Willkommen im Eurozeitalter. Die gefühlte Teuerung nach der Umstellung interessiert immer noch nicht. Wer einmal vergleicht, dass man früher für 30.000 DM einen Super-Golf gekauft hat, der erhält diesen nun für schlappe 30.000 EUR.

Die entspricht nach der Eurokonstante (€=1,95583) 58674,90 DM. In Prozent ausgedrückt sind es also 95,58%. Also immerhin noch nicht doppelt so teuer. Wer nun noch sagt, wir deutschen seien Euroskeptiker, der hat die Teuerung nicht wirklich beobachtet.

Wer damals gesagt hätte, ich kaufe einen Golf für 58.000 DM, der wäre für verrückt erklärt worden. Tja für das Geld hätte man damals einen großen Mercedes kaufen können. Heute reicht es eben nur für einen Golf.

Und weil die CO2-Geschichte uns sowieso drückt, brauchen wir auch keine Autos mehr.

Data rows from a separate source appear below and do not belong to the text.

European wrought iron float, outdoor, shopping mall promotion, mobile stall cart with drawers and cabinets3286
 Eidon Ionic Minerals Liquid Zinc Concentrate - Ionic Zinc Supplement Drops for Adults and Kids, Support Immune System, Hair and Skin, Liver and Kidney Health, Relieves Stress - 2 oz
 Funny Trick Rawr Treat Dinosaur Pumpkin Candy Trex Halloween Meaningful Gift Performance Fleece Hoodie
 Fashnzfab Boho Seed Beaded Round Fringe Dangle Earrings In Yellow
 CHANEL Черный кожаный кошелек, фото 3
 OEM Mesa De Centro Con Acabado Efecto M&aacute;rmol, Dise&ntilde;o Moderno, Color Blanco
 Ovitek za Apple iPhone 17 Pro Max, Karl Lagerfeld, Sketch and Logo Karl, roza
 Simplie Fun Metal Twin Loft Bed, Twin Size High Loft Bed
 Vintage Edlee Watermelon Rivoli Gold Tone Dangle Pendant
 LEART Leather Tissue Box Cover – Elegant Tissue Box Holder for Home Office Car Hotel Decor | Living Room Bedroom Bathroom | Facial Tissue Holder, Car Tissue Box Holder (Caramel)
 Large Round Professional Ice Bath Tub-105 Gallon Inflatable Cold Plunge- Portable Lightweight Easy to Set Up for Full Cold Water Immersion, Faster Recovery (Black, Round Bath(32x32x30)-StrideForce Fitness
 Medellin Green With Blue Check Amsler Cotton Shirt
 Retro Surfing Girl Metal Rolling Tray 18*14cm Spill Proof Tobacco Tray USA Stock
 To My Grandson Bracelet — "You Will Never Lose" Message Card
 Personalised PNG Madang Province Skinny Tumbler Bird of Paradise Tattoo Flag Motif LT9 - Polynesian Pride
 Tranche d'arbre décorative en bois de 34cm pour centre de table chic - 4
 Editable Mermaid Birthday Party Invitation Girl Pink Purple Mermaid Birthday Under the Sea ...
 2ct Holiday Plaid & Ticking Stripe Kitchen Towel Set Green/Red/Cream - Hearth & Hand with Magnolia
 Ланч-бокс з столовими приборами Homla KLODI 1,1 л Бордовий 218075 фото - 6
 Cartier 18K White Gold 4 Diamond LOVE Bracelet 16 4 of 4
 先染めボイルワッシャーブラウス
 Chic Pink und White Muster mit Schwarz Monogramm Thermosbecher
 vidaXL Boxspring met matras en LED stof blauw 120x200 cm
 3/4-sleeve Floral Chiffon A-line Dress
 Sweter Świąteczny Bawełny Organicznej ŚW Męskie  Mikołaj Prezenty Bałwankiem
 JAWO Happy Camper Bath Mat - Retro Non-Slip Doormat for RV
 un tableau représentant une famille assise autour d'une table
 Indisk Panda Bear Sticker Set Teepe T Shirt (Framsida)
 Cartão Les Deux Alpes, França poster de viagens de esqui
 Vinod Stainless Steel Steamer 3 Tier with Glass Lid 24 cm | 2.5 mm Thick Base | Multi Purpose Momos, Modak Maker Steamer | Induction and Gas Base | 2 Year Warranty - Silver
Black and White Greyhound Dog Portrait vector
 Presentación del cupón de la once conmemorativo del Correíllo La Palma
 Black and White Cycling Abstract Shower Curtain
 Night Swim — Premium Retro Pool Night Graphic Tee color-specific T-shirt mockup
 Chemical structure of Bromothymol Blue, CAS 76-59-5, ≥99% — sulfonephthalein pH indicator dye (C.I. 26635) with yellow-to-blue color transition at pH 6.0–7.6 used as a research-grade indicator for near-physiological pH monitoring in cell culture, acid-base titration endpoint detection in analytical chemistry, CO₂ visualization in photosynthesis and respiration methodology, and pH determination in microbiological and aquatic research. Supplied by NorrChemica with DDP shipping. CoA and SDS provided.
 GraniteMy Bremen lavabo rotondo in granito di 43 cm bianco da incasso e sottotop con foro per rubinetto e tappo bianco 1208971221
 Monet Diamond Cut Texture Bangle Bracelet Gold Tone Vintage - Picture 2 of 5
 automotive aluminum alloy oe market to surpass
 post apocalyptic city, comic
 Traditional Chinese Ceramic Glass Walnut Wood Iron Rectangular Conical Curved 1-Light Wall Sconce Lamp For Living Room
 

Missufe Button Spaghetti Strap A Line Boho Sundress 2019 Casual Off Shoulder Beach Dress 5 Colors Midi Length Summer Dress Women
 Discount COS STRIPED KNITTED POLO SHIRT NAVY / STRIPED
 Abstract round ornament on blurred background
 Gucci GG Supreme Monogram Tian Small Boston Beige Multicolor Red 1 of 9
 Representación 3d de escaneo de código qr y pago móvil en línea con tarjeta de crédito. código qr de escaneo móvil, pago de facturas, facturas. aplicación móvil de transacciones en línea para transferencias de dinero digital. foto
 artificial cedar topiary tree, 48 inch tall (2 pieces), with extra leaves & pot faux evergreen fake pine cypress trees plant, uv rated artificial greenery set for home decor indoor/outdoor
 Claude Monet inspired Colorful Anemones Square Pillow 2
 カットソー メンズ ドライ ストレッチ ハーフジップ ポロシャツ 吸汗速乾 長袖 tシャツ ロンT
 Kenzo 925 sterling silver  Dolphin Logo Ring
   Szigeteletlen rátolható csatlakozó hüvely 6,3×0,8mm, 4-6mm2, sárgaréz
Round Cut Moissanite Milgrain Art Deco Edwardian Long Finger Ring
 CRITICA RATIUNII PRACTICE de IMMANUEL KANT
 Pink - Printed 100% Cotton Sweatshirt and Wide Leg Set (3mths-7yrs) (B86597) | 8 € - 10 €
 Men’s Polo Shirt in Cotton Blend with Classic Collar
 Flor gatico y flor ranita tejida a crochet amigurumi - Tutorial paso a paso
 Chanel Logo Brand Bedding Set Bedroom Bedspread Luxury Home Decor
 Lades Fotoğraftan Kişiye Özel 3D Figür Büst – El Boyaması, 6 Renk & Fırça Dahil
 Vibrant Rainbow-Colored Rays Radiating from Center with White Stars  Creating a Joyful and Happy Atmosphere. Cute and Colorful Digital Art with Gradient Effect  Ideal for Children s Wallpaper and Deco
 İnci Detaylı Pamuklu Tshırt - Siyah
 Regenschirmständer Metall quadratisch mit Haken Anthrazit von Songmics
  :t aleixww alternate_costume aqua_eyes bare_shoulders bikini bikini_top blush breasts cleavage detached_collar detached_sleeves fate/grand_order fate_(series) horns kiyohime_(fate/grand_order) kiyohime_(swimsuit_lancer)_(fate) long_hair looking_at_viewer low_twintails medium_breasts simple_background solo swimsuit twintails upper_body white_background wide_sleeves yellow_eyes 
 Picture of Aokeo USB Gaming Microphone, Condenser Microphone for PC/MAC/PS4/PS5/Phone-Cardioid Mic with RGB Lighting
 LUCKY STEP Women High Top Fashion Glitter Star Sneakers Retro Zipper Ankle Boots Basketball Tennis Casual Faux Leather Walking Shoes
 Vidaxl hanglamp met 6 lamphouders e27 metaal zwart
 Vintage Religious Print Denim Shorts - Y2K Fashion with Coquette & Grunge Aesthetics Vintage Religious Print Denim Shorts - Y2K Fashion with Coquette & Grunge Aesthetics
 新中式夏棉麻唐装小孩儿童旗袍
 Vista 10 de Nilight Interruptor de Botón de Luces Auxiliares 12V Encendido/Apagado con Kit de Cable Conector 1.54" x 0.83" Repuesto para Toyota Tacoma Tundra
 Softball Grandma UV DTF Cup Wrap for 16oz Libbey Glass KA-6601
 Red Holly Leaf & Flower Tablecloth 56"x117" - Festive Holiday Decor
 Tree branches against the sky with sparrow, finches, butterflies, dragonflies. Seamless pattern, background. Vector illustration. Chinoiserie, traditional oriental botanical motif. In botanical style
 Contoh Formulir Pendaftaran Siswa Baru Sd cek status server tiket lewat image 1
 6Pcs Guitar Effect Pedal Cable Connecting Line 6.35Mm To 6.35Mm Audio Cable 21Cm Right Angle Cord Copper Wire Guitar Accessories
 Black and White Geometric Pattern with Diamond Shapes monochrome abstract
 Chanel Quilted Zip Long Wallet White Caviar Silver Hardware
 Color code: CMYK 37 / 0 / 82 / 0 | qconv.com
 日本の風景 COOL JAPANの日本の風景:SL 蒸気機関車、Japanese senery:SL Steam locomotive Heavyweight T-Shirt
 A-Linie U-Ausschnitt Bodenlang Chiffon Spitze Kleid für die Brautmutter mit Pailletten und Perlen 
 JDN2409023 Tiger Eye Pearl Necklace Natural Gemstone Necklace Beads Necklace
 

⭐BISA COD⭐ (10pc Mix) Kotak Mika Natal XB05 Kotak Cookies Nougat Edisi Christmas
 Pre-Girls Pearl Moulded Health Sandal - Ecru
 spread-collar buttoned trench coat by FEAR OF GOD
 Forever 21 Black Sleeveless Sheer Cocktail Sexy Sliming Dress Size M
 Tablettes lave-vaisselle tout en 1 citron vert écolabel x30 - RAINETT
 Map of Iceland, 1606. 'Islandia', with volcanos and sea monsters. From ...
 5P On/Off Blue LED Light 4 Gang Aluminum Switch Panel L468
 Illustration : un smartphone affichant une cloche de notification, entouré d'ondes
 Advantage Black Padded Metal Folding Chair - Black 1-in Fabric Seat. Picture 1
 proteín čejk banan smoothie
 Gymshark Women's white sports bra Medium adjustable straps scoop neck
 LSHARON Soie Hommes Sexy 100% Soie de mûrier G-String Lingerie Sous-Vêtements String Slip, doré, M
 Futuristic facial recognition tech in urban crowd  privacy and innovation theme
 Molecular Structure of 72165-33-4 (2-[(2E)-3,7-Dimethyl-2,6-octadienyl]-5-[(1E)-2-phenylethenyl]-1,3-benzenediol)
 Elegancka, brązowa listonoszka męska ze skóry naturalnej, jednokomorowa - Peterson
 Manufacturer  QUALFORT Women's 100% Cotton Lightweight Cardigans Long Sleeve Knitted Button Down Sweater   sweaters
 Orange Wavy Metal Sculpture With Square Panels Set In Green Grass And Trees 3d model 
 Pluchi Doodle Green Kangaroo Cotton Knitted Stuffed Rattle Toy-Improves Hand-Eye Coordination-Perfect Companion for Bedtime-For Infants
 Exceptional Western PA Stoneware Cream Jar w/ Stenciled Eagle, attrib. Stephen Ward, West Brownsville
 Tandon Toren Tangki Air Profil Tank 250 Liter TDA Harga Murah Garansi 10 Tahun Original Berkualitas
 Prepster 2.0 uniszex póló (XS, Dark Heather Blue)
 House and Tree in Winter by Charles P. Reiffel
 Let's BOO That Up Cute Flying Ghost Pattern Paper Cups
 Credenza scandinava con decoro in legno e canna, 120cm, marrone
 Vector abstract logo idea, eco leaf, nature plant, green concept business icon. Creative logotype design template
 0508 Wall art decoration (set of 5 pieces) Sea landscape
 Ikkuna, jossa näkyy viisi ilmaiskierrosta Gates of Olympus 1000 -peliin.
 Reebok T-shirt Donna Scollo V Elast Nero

info no. 295 // entspannt aufregen

da wird wieder einmal mit entspannt shoppen geworben. und das auf einem sonntag! wo ist da die entspannung? die straßen und läden sind proppevoll, die armen angestellten.

so eine art volksfeststimmung gibt es nur sonntags. für mich spielt in der woche keine band auf dem dorfplatz, wenn ich einkaufe. nun ja, was soll ich sonntags da? die preise sind gleich hoch und die auswahl ist auch gleich.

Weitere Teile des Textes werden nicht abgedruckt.